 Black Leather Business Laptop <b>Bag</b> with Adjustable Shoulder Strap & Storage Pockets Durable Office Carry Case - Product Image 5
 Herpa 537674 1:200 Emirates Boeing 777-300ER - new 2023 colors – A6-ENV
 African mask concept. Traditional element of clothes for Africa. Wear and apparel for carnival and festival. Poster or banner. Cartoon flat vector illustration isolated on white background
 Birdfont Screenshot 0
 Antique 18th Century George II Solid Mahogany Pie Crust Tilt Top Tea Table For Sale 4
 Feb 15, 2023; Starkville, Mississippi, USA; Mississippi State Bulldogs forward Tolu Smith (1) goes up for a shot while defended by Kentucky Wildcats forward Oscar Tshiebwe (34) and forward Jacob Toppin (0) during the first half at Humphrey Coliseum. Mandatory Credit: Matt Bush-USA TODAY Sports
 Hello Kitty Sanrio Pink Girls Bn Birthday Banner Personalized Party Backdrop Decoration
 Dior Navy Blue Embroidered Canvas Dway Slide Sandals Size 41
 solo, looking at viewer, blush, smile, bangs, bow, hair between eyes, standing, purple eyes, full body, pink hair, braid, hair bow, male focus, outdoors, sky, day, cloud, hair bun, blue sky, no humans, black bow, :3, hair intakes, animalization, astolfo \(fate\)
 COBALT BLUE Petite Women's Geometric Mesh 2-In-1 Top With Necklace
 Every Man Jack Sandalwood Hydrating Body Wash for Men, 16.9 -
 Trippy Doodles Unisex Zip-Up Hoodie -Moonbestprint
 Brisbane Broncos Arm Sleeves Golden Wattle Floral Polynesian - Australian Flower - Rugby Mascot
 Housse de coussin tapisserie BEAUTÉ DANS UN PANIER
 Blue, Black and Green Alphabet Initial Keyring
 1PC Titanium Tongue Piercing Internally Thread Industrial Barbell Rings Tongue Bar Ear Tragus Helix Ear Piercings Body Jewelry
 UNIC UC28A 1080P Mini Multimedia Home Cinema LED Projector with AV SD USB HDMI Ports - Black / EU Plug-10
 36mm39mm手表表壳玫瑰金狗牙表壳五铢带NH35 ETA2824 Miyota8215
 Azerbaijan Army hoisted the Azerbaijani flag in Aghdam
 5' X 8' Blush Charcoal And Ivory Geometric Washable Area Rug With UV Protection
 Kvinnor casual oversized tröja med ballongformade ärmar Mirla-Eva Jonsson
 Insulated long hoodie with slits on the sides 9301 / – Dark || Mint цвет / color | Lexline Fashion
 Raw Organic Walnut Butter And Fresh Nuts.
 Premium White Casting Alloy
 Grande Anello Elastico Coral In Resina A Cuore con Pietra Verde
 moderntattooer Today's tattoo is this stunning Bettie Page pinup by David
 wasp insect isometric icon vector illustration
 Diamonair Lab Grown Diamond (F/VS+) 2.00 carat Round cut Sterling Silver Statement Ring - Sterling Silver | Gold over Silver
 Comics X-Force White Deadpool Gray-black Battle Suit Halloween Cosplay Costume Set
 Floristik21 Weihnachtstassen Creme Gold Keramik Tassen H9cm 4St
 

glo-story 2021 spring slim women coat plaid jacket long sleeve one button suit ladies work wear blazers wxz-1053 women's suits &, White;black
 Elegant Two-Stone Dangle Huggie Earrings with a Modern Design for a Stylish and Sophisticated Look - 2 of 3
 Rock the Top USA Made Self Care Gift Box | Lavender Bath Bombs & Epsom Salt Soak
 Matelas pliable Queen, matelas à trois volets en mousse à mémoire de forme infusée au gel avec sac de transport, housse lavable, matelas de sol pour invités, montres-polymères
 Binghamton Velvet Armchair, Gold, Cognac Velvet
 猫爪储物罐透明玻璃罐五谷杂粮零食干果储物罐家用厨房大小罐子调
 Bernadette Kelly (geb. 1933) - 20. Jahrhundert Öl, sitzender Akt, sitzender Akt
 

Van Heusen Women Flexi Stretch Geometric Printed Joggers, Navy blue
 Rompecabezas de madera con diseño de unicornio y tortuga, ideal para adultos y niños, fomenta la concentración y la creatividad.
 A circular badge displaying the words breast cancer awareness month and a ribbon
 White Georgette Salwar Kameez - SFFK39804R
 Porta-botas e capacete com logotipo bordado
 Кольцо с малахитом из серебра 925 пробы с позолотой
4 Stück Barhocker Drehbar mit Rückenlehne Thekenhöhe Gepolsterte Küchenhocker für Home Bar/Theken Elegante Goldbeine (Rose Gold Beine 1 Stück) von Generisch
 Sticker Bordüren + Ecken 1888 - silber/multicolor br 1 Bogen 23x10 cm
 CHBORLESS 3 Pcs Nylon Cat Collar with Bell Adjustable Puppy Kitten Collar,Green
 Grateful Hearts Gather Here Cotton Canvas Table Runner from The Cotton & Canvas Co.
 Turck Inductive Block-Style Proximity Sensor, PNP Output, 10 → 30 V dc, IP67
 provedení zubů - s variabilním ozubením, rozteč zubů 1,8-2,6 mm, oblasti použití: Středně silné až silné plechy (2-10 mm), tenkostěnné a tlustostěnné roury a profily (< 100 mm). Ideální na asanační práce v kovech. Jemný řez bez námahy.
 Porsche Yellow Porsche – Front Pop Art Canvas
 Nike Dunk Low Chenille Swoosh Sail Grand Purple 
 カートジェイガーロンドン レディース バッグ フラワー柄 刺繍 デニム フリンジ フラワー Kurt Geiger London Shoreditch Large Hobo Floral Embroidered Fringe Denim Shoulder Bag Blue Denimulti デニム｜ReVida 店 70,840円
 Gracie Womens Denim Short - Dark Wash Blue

:: ABOUT THIS EXERCISE ::
Please reproduce every line shown above, exactly as written.

:: ANSWER SECTION ::
 Black Leather Business Laptop <b>Bag</b> with Adjustable Shoulder Strap & Storage Pockets Durable Office Carry Case - Product Image 5
 Herpa 537674 1:200 Emirates Boeing 777-300ER - new 2023 colors – A6-ENV
 African mask concept. Traditional element of clothes for Africa. Wear and apparel for carnival and festival. Poster or banner. Cartoon flat vector illustration isolated on white background
 Birdfont Screenshot 0
 Antique 18th Century George II Solid Mahogany Pie Crust Tilt Top Tea Table For Sale 4
 Feb 15, 2023; Starkville, Mississippi, USA; Mississippi State Bulldogs forward Tolu Smith (1) goes up for a shot while defended by Kentucky Wildcats forward Oscar Tshiebwe (34) and forward Jacob Toppin (0) during the first half at Humphrey Coliseum. Mandatory Credit: Matt Bush-USA TODAY Sports
 Hello Kitty Sanrio Pink Girls Bn Birthday Banner Personalized Party Backdrop Decoration
 Dior Navy Blue Embroidered Canvas Dway Slide Sandals Size 41
 solo, looking at viewer, blush, smile, bangs, bow, hair between eyes, standing, purple eyes, full body, pink hair, braid, hair bow, male focus, outdoors, sky, day, cloud, hair bun, blue sky, no humans, black bow, :3, hair intakes, animalization, astolfo \(fate\)
 COBALT BLUE Petite Women's Geometric Mesh 2-In-1 Top With Necklace
 Every Man Jack Sandalwood Hydrating Body Wash for Men, 16.9 -
 Trippy Doodles Unisex Zip-Up Hoodie -Moonbestprint
 Brisbane Broncos Arm Sleeves Golden Wattle Floral Polynesian - Australian Flower - Rugby Mascot
 Housse de coussin tapisserie BEAUTÉ DANS UN PANIER
 Blue, Black and Green Alphabet Initial Keyring
 1PC Titanium Tongue Piercing Internally Thread Industrial Barbell Rings Tongue Bar Ear Tragus Helix Ear Piercings Body Jewelry
 UNIC UC28A 1080P Mini Multimedia Home Cinema LED Projector with AV SD USB HDMI Ports - Black / EU Plug-10
 36mm39mm手表表壳玫瑰金狗牙表壳五铢带NH35 ETA2824 Miyota8215
 Azerbaijan Army hoisted the Azerbaijani flag in Aghdam
 5' X 8' Blush Charcoal And Ivory Geometric Washable Area Rug With UV Protection
 Kvinnor casual oversized tröja med ballongformade ärmar Mirla-Eva Jonsson
 Insulated long hoodie with slits on the sides 9301 / – Dark || Mint цвет / color | Lexline Fashion
 Raw Organic Walnut Butter And Fresh Nuts.
 Premium White Casting Alloy
 Grande Anello Elastico Coral In Resina A Cuore con Pietra Verde
 moderntattooer Today's tattoo is this stunning Bettie Page pinup by David
 wasp insect isometric icon vector illustration
 Diamonair Lab Grown Diamond (F/VS+) 2.00 carat Round cut Sterling Silver Statement Ring - Sterling Silver | Gold over Silver
 Comics X-Force White Deadpool Gray-black Battle Suit Halloween Cosplay Costume Set
 Floristik21 Weihnachtstassen Creme Gold Keramik Tassen H9cm 4St
 

glo-story 2021 spring slim women coat plaid jacket long sleeve one button suit ladies work wear blazers wxz-1053 women's suits &, White;black
 Elegant Two-Stone Dangle Huggie Earrings with a Modern Design for a Stylish and Sophisticated Look - 2 of 3
 Rock the Top USA Made Self Care Gift Box | Lavender Bath Bombs & Epsom Salt Soak
 Matelas pliable Queen, matelas à trois volets en mousse à mémoire de forme infusée au gel avec sac de transport, housse lavable, matelas de sol pour invités, montres-polymères
 Binghamton Velvet Armchair, Gold, Cognac Velvet
 猫爪储物罐透明玻璃罐五谷杂粮零食干果储物罐家用厨房大小罐子调
 Bernadette Kelly (geb. 1933) - 20. Jahrhundert Öl, sitzender Akt, sitzender Akt
 

Van Heusen Women Flexi Stretch Geometric Printed Joggers, Navy blue
 Rompecabezas de madera con diseño de unicornio y tortuga, ideal para adultos y niños, fomenta la concentración y la creatividad.
 A circular badge displaying the words breast cancer awareness month and a ribbon
 White Georgette Salwar Kameez - SFFK39804R
 Porta-botas e capacete com logotipo bordado
 Кольцо с малахитом из серебра 925 пробы с позолотой
4 Stück Barhocker Drehbar mit Rückenlehne Thekenhöhe Gepolsterte Küchenhocker für Home Bar/Theken Elegante Goldbeine (Rose Gold Beine 1 Stück) von Generisch
 Sticker Bordüren + Ecken 1888 - silber/multicolor br 1 Bogen 23x10 cm
 CHBORLESS 3 Pcs Nylon Cat Collar with Bell Adjustable Puppy Kitten Collar,Green
 Grateful Hearts Gather Here Cotton Canvas Table Runner from The Cotton & Canvas Co.
 Turck Inductive Block-Style Proximity Sensor, PNP Output, 10 → 30 V dc, IP67
 provedení zubů - s variabilním ozubením, rozteč zubů 1,8-2,6 mm, oblasti použití: Středně silné až silné plechy (2-10 mm), tenkostěnné a tlustostěnné roury a profily (< 100 mm). Ideální na asanační práce v kovech. Jemný řez bez námahy.
 Porsche Yellow Porsche – Front Pop Art Canvas
 Nike Dunk Low Chenille Swoosh Sail Grand Purple 
 カートジェイガーロンドン レディース バッグ フラワー柄 刺繍 デニム フリンジ フラワー Kurt Geiger London Shoreditch Large Hobo Floral Embroidered Fringe Denim Shoulder Bag Blue Denimulti デニム｜ReVida 店 70,840円
 Gracie Womens Denim Short - Dark Wash Blue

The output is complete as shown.